# Wooden Garages - Good, Bad and Otherwise?



## Stumper (Apr 5, 2009)

I'm currently looking to replace my knackered old garage at home as it's beyond repair.

Currently it's about 5m x 2.5m and we're looking to increase the size up to about 6m x 3.5m. I've had some quotes for a single skin breeze block garage and it's going to be way above budget so instead i'm looking for a log cabin type garage or garden building.
It's not a proper garage as such and requiring a garage door as it's virtually impossible to get a car into it due to the layout of the house/fence/driveway.

The garage is going to be used for storing tools, car related stuff, my bikes and probably the turbo trainer and rowing machine.

Has anyone got any experience with log cabin type garages or workshops?
Any problems with them once they've been insulated and lined?

And last but not least, who's good to be buying them from? 
I'm currently looking at one from Tuin with possibly a storage cabin on the end to keep the bikes locked up in.


----------



## Jack R (Dec 15, 2014)

What do you need to know? And are you looking to buy a kit or will you just buy materials?


----------



## nick_mcuk (Jan 4, 2008)

Wood garages are better than any brick or cement one as they breath and they dont suffer form condensation. They are also warmer inside.

I built one this year...here is a quick photo.



There is a thread on here of the entire build http://www.detailingworld.co.uk/forum/showthread.php?t=375460


----------



## Stumper (Apr 5, 2009)

JR1982 said:


> What do you need to know? And are you looking to buy a kit or will you just buy materials?


It'll be a kit, my DIY skills won't stretch anywhere close to building one myself!



nick_mcuk said:


> Wood garages are better than any brick or cement one as they breath and they dont suffer form condensation. They are also warmer inside.
> 
> I built one this year...here is a quick photo.
> 
> There is a thread on here of the entire build http://www.detailingworld.co.uk/forum/showthread.php?t=375460


Thanks for that nick, I'll take a look at your build thread.


----------



## Jack R (Dec 15, 2014)

It does seem alot but if looked after it will serve you well, plus it's also easily adapted if you want to alter later.


----------



## nick_mcuk (Jan 4, 2008)

Gheezer said:


> I am after a timber car port but these seem to stretch to 8-10k for two cars.
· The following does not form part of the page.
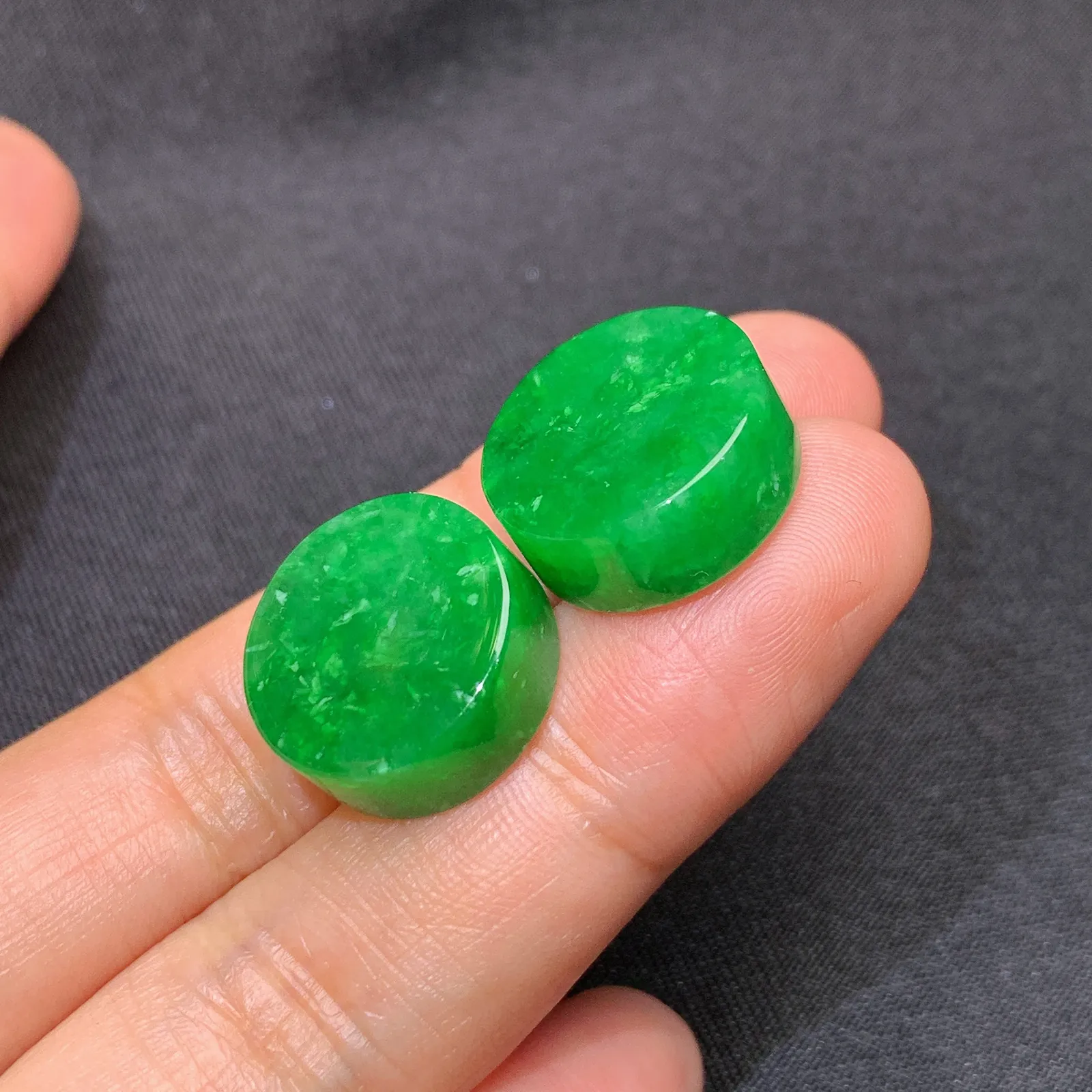 辣绿圆牌一对，镶嵌佳品，冰润色阳，种水足 尺寸15.3*6.1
Will look nice in Oak but seems a lot for a wall-less garage.....


My pine log garage I think cost me in total about £7k all in


----------



## AndyC (Oct 25, 2005)

No experience of timber but my standard, boring brick garage has never had a problem with moisture retention. Not heated but it's housed a running and working 205, a BMW 328, a not running 205 and now a very much alive Clio.

No issues whatsoever.


----------



## grunty-motor (Aug 11, 2016)

my mate had a wooden one for some time (10year?). no damp - cosy!

dont think you need planning permission?


----------



## nick_mcuk (Jan 4, 2008)

grunty-motor said:


> my mate had a wooden one for some time (10year?). no damp - cosy!
> 
> dont think you need planning permission?


If its in front of the house you will...if its to the side or back then you can get away with it but you deffo need to check with your local BC.

Mine is a low roof version so its easier to get planning for.


----------



## Clancy (Jul 21, 2013)

Built lots of these over the years, timber is better than a masonry garage imo. Better value for money to build from scratch but if you want something easy to build look on Dunster house. Lots of choice and can easily be put up in a day, second day to tile the roof and stain it. Nice job really 

Planning wise need to check local rules, generally a timber structure with an eaves height under 2.5m will not need planning


----------



## Jack R (Dec 15, 2014)

It's all worked out on the percentage of ground and distances from boundaries which then dictate the size and hight etc...


----------



## nick_mcuk (Jan 4, 2008)

Clancy said:


> Built lots of these over the years, timber is better than a masonry garage imo. Better value for money to build from scratch but if you want something easy to build look on Dunster house. Lots of choice and can easily be put up in a day, second day to tile the roof and stain it. Nice job really
> 
> Planning wise need to check local rules, generally a timber structure with an eaves height under 2.5m will not need planning


That's where min came from

Sent from my iPhone using Tapatalk


----------